According to my father, you can count your true friends on one hand. There were a lot of things my folks said that are just now starting to resonate. Guess I should log this away for my future self that parenting isn’t synonymous with instant gratification. Here comes your validation, Dad: You were right.
A Once Social Butterfly
Middle and high school, man oh man, was I rambunctious! And, not surprising, I had a gaggle of friends. Dad laid down this gem on me and I was flabbergasted. Did he not see the Best Friends Forever charm necklace I was wearing?
And then came college and hanging out was the curriculum. While I didn’t admit it to myself, my wide net of close-knit friends were getting more intimate.
Then graduation came, I got hitched, and moved across country. And goramit (if you get that reference and think it’s awesome, you cool. We can hang.), it is so much harder to make friends as an adult especially when you’ve left all your social circles behind.
Friendships Are Hard
I’m adulting now and there are benefits like happy hours and going out for a dance class if I want to. Now wait a minute! Creating and maintaining friendships feels a lot like work. Remember the whole I’m an adult now, thing? Well, there are some drawbacks: chores (that apparently never go away), working for that paycheck, hanging with the hubbs (less adulting and more because I want to, hence why I married him).

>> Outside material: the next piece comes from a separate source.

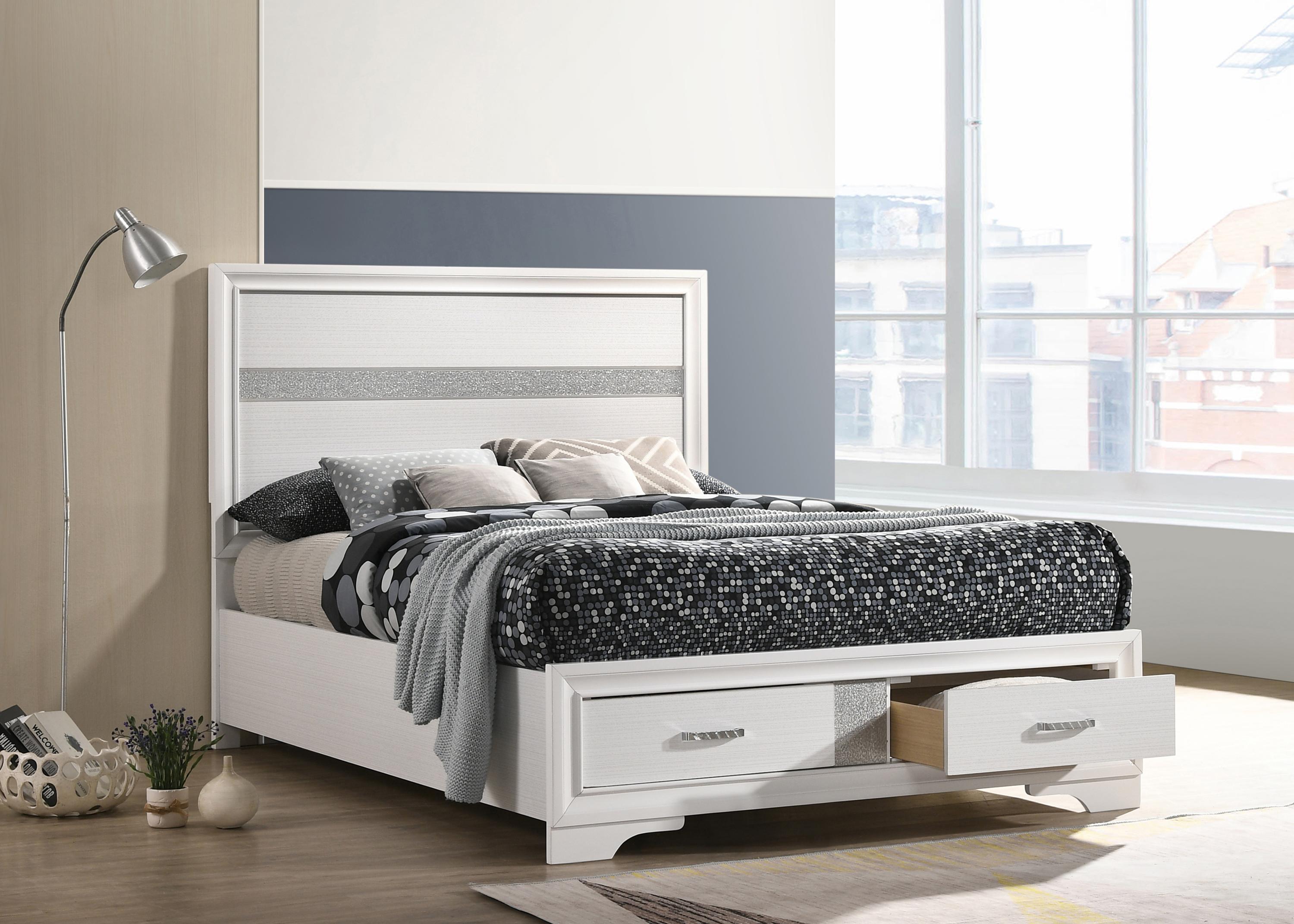 

    
 Order  Modern White Wood Full Storage Bedroom Set 3pcs Coaster 205111F Miranda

I don’t have the time to cultivate the friendships that came so easily before.
Ephinany time! (Sing like “Hammer Time”!) Perhaps the friendships that came together so effortlessly before also fell by the wayside just as easily because the bonds were superficial. The hard work to make a friendship special also makes it more like that the relationship will last.

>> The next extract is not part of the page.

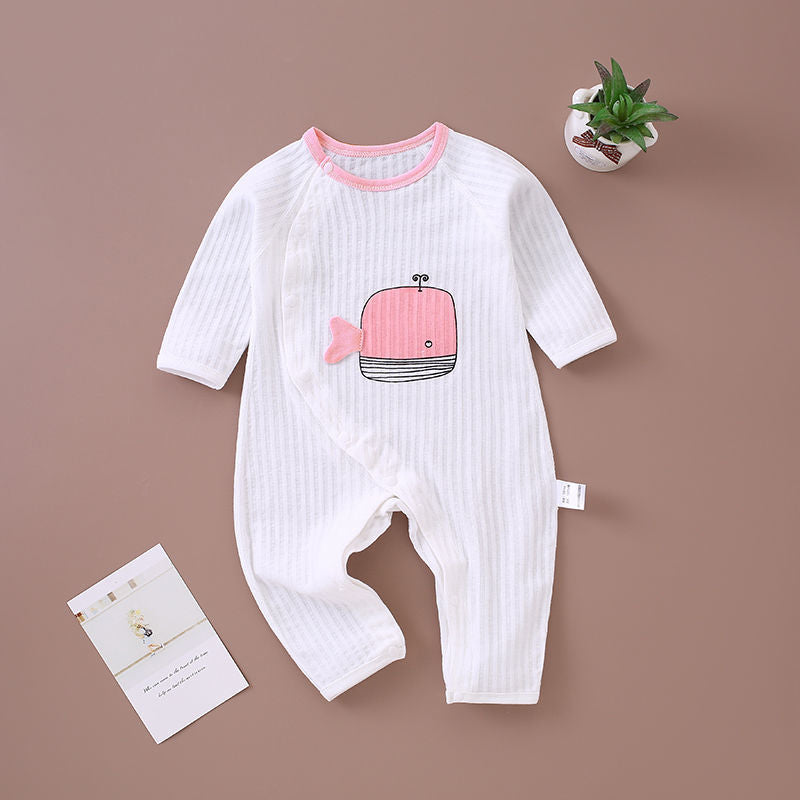 Mist Azur rompers and one-piece garments Summer thin newborn cotton long-sleeved baby one-piece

And that’s why the next part stings.
Saying Goodbye And Thanks For All The Fish Memories
I’ve had some friendships that just abruptly stopped. Maybe I got dumped. Maybe things changed in their or our lives and we just weren’t compatible. “But what about all that time I invested?!”, my ego wants to shout.

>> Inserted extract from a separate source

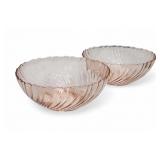 Vtg Arcoroc Rosaline Pink Swirl Serving Bowls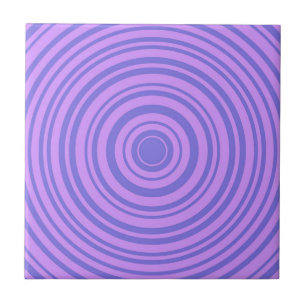 Hypnotic Purple Blue Circle Geometric Pattern Tile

Well, bringing it full circle, I guess those folks just won’t be counted off on my right hand. And that’s OK.
And so now I offer up some reconciliation (to myself):
Dear former friend – we don’t talk anymore and I miss that. I miss the varied topics we’d discuss and how you challenged me as a person. I miss that this chapter in our lives is over but I’m OK with it now. I want to thank you for all the lovely memories and all the lessons you’ve imparted. My wish for you is that you are healthy, happy and at peace.